::: STORED DATA

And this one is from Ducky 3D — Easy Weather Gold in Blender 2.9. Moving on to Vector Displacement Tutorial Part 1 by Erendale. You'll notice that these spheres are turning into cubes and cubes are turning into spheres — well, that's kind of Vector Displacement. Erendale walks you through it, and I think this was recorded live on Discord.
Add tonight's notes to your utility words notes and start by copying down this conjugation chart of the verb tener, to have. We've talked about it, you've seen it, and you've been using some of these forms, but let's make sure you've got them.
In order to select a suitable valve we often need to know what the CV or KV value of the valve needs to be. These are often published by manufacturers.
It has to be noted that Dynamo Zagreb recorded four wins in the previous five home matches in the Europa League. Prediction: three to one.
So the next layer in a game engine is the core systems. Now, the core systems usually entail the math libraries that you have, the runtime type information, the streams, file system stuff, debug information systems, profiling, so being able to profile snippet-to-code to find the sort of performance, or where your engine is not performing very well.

::::::
::: STORED DATA

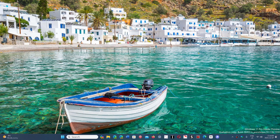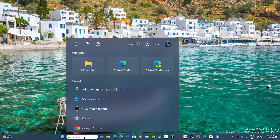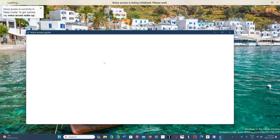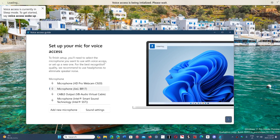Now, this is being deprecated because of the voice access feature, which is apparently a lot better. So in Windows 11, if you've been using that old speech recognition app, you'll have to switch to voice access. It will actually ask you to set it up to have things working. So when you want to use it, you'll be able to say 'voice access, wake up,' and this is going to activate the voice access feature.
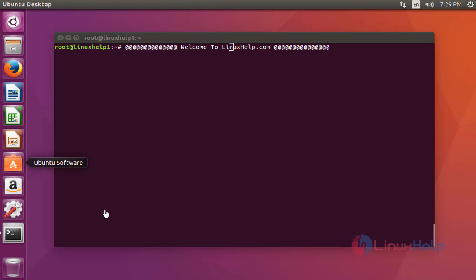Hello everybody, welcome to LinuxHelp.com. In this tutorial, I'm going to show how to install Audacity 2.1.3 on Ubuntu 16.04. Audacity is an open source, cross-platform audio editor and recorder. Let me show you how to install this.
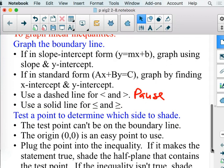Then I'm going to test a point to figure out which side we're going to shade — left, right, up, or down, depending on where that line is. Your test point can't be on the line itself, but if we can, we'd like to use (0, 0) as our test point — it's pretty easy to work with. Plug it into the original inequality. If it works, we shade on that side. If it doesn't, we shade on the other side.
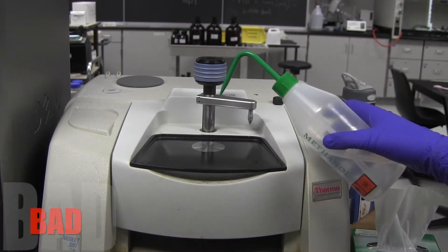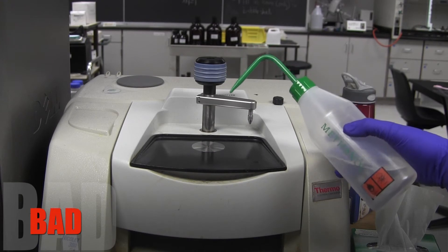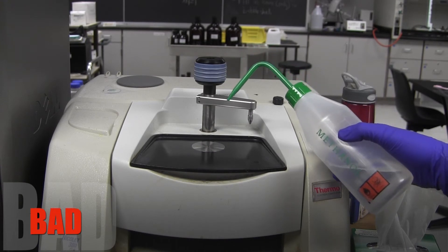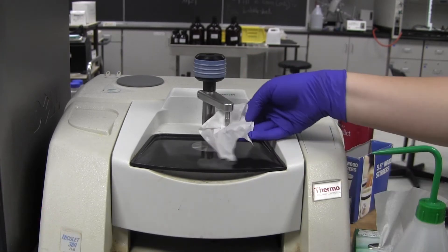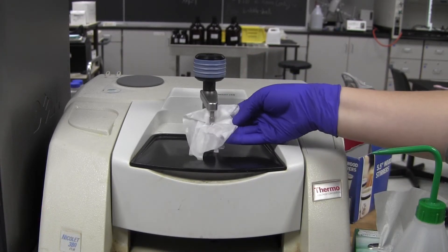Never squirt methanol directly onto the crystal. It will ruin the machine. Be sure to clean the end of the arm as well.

::::::
::: STORED DATA

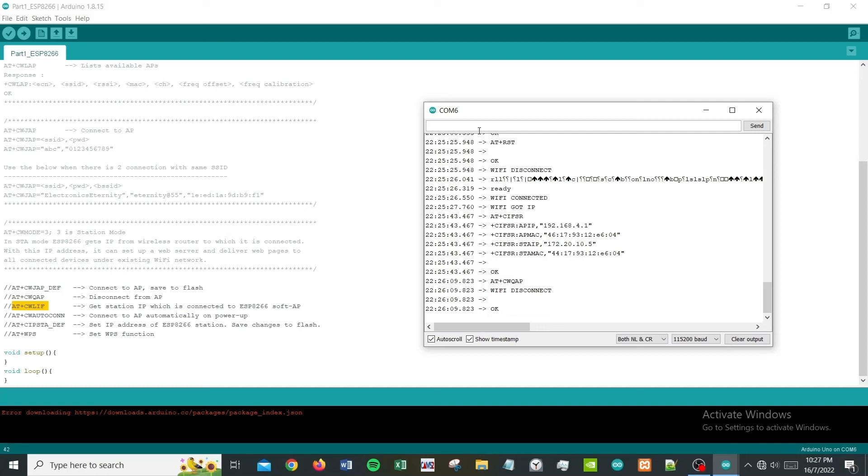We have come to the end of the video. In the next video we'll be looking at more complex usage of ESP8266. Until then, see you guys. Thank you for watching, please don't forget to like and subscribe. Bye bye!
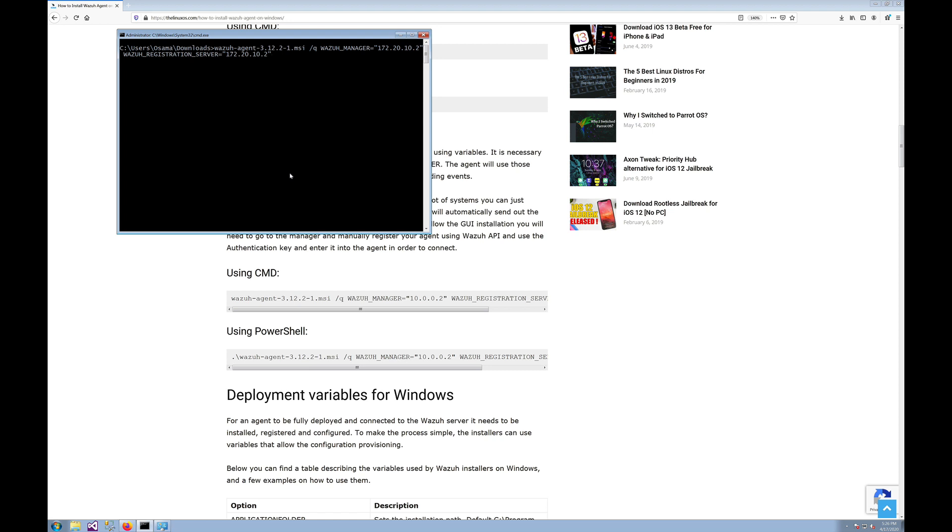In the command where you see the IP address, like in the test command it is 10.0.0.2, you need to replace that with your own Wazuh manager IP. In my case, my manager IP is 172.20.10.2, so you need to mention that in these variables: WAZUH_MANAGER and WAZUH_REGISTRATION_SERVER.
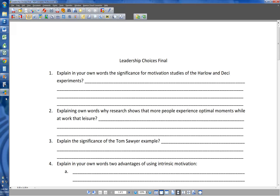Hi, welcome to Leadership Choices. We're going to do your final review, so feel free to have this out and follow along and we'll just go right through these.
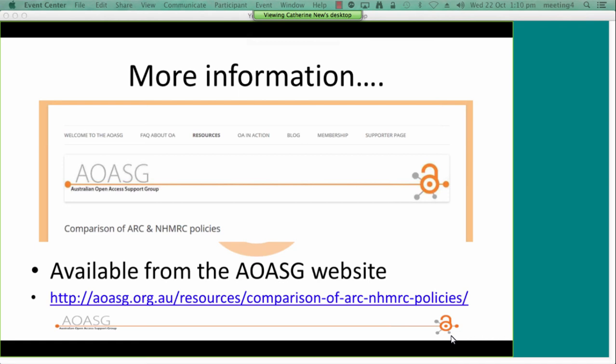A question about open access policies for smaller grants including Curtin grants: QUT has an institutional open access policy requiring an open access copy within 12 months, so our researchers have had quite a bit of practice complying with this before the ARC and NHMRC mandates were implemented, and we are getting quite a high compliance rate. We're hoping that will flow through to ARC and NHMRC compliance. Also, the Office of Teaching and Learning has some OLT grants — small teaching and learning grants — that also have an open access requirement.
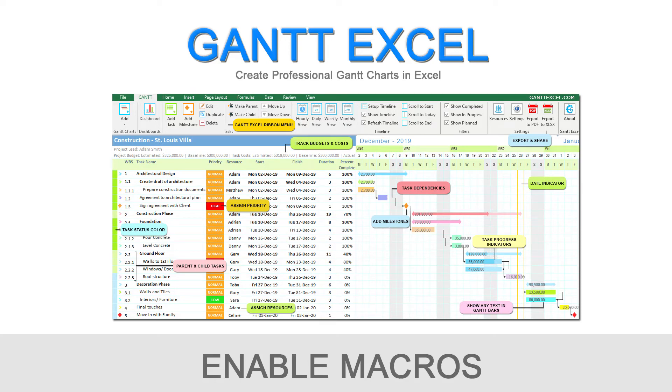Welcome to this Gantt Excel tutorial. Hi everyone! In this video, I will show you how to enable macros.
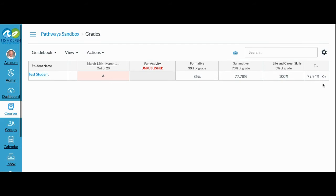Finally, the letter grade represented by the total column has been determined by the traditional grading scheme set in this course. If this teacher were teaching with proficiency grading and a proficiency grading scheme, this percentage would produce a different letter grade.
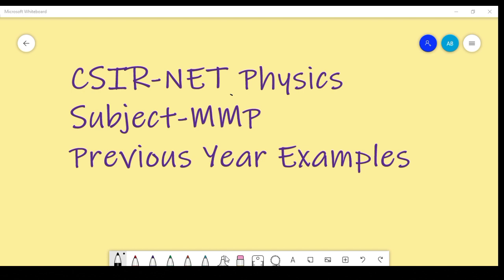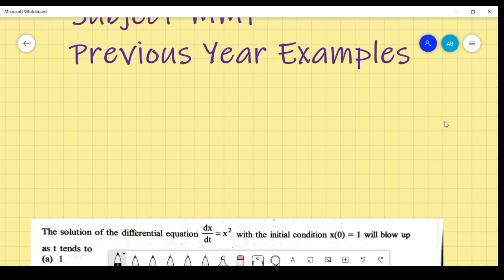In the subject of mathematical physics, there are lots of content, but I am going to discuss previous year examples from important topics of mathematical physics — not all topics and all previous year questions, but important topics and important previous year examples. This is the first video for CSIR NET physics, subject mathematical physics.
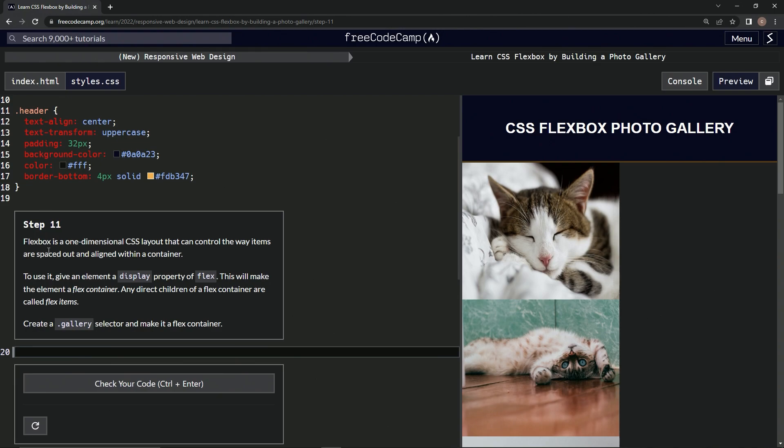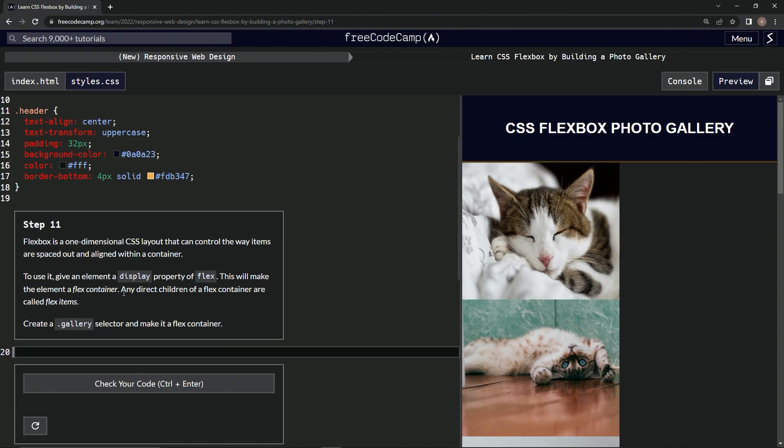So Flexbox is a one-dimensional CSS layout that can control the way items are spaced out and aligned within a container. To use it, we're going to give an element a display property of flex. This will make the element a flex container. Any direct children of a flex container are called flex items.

::::::

• **REQUIRED WORK**: With the first line being the one containing "And this one" and the last line the one containing "Add tonight's notes", transcribe exactly the lines above that fall in that range.

• **WRITTEN SOLUTION**:
And this one is from Ducky 3D — Easy Weather Gold in Blender 2.9. Moving on to Vector Displacement Tutorial Part 1 by Erendale. You'll notice that these spheres are turning into cubes and cubes are turning into spheres — well, that's kind of Vector Displacement. Erendale walks you through it, and I think this was recorded live on Discord.
Add tonight's notes to your utility words notes and start by copying down this conjugation chart of the verb tener, to have. We've talked about it, you've seen it, and you've been using some of these forms, but let's make sure you've got them.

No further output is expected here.